Crimes against a person
Crimes against a person involve direct harm or the threat of force to another human being. These include violent crimes like assault and domestic violence, as well as hateful offenses such as rape and murder. They typically incur the heaviest penalties, up to and including the death penalty in this country for the most serious offenders.
For example, someone who attempts to administer lethally poisoned tea is guilty of a crime against a person (attempted murder), as is a kidnapper who holds an unwilling hostage for ransom. Someone who steals a credit card PIN or bank account number is also committing a crime against a person, as is a cyber-stalker who follows a victim online to stalk them.
A traditional view of criminal law held that the purpose of punishment was to redress moral wrongs and expiate guilt. Today, more rationalistic and pragmatic views predominate.
Crimes against property
In a broader sense, crimes against property include theft, burglary, arson, and other offenses that involve the misappropriation of real or virtual items. Such offenses are often committed for material gain, although some may also be motivated by anger or vengeance.
It is important to realize that determinations about what constitutes property and who qualifies as its owner are largely political questions, rather than natural truths. Criminal law simply enforces whatever answers to these questions have been reached in other fields of legal activity or policy making.
For example, stealing is a crime against property when the defendant takes another person’s possession with intent to permanently deprive that individual of its use. However, some crimes involving unauthorized access (such as hacking) are not considered property crimes because they do not involve the physical transfer of possession.
A crime that is considered a misdemeanor involves nonviolent actions and typically does not result in substantial jail time. Some examples include vandalism, certain types of drug possession and disorderly conduct. Criminal attorneys can help clients facing misdemeanor charges raise a variety of defenses to ensure their rights are protected throughout the process.
While misdemeanor convictions typically do not result in the restriction of civil rights, they may impact privileges such as professional licenses or the ability to hold public offices. This is called collateral consequence.
Despite being relatively minor, misdemeanors are moneymakers for jurisdictions and generate all sorts of debt — fines, probation fees and bail – for individuals who come into contact with the criminal justice system. Many low-income people struggle to pay the debt they accumulate.

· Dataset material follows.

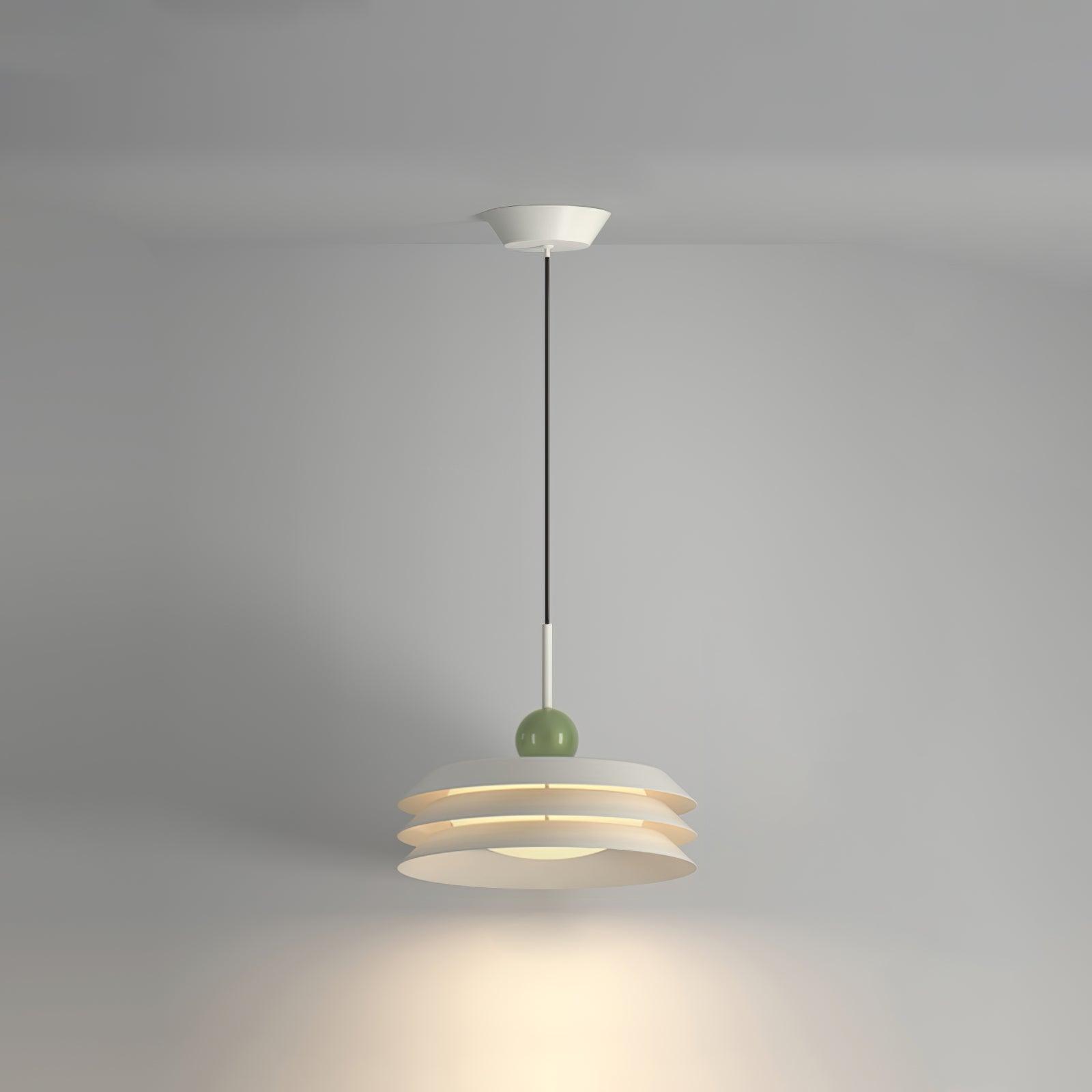 Modern Morandi Layered Pendant Lamp with Adjustable Swing Arm LED Acrylic Hanging Light
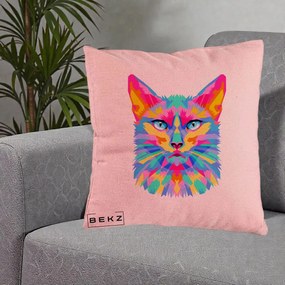 Perna Decorativa Pisica Pop Art Multicolor, 40x40 cm, Roz, Husa Detasabila, Perna Inclusa, BEKZ®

A felony is a serious criminal offense that can result in imprisonment for more than a year. It may also include fines, probation, or community service. Felonies can be committed in several ways, including assault, robbery, burglary, and murder.
Some states use class or level systems to rank felonies and set minimum and maximum sentences. Others skip classification altogether and simply assign penalties on a crime-by-crime basis.
Felony cases start when a prosecutor files a complaint against the defendant with a Magistrate. The complaint is a statement, usually under oath, of probable cause that the defendant committed the crime in question. The case is then presented to a jury or to the judge. The verdict will determine the penalty. Some crimes may be prosecuted as either a misdemeanor or a felony depending on the victim’s status.
An infraction is any act that violates a local, state or federal law. These are generally small crimes that only require a person to pay a fine. However, it is possible for an infraction to rise to the level of a misdemeanor or even felony crime under certain circumstances. For example, running a stop sign could become a more serious crime if it causes property damage or injury. It is important to hire a criminal defense attorney if you are accused of an infraction.
Infractions are not usually punished with jail time, but they can lead to hefty fines and other expenses. For example, traffic infractions may result in an increase in automobile insurance rates. Infractions can be handled in courts designed for traffic and minor offenses.